= Exercise =
The listing below holds pictures; exclude them. Return exactly the lines from the one with "Great Marina frontage" through the one with "Live sex webcam".

= Task data =
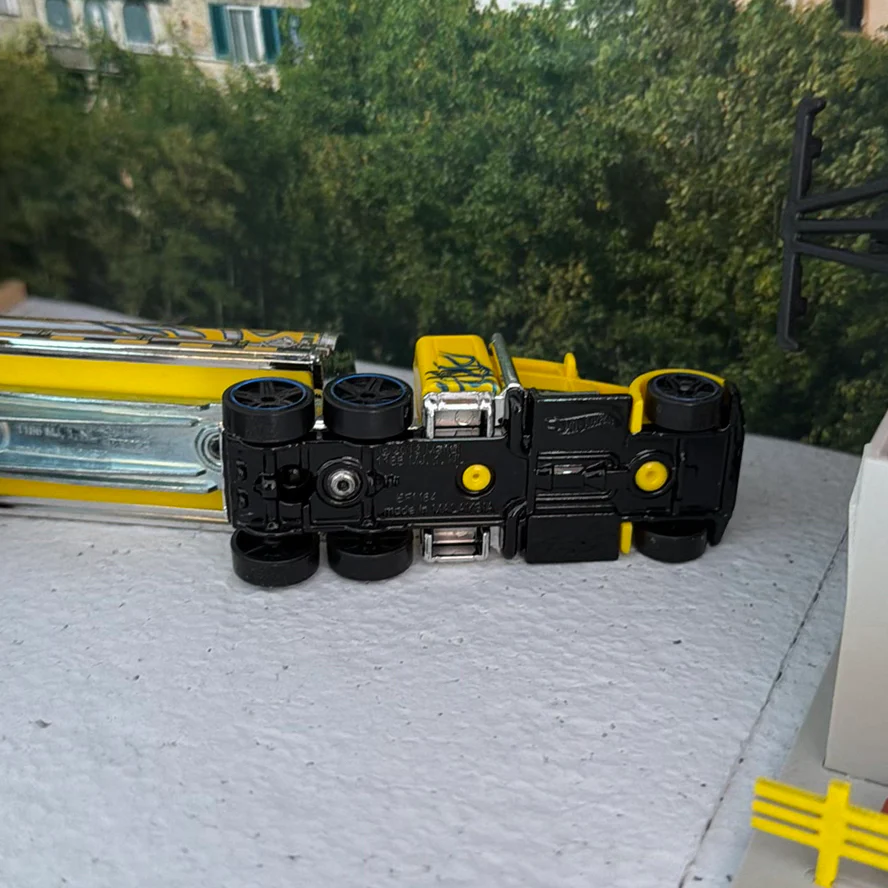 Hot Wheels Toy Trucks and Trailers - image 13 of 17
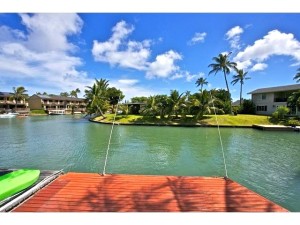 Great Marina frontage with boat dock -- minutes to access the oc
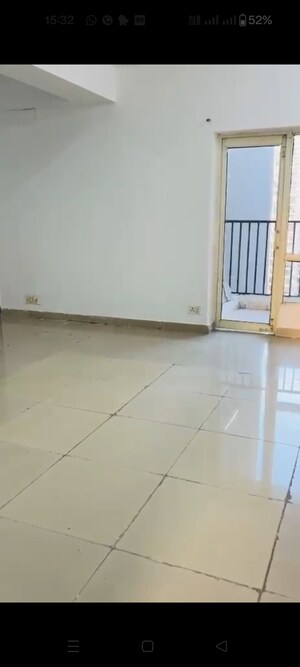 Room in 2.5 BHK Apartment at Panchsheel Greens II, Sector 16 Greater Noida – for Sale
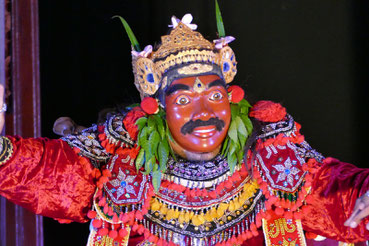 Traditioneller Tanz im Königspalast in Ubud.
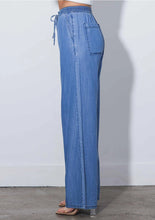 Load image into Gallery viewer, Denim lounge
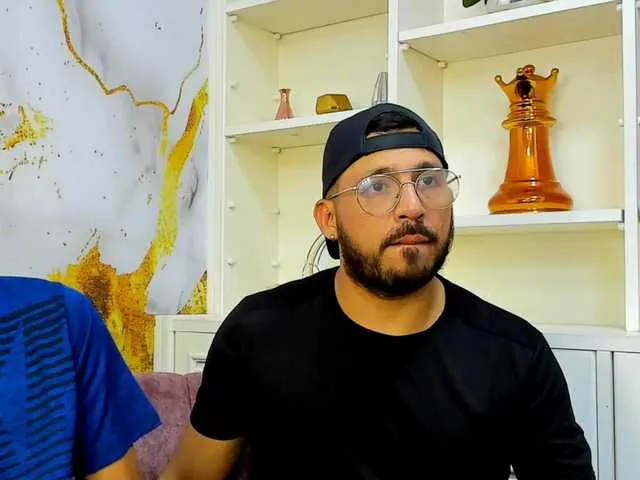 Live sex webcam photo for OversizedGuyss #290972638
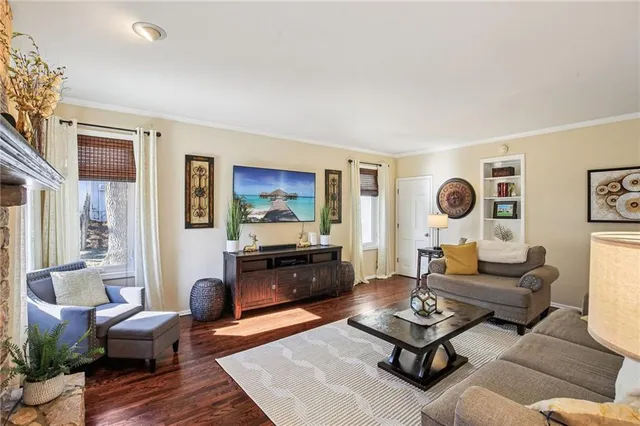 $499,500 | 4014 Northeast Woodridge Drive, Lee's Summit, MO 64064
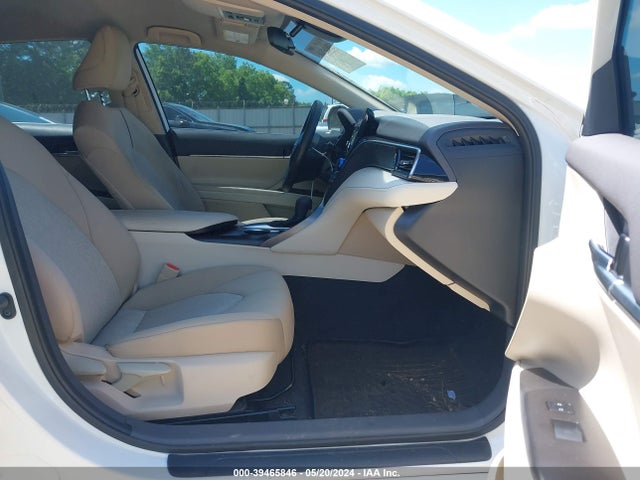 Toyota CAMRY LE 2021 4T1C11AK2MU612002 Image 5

= Task answer =
 Great Marina frontage with boat dock -- minutes to access the oc
 Room in 2.5 BHK Apartment at Panchsheel Greens II, Sector 16 Greater Noida – for Sale
 Traditioneller Tanz im Königspalast in Ubud.
 Load image into Gallery viewer, Denim lounge
 Live sex webcam photo for OversizedGuyss #290972638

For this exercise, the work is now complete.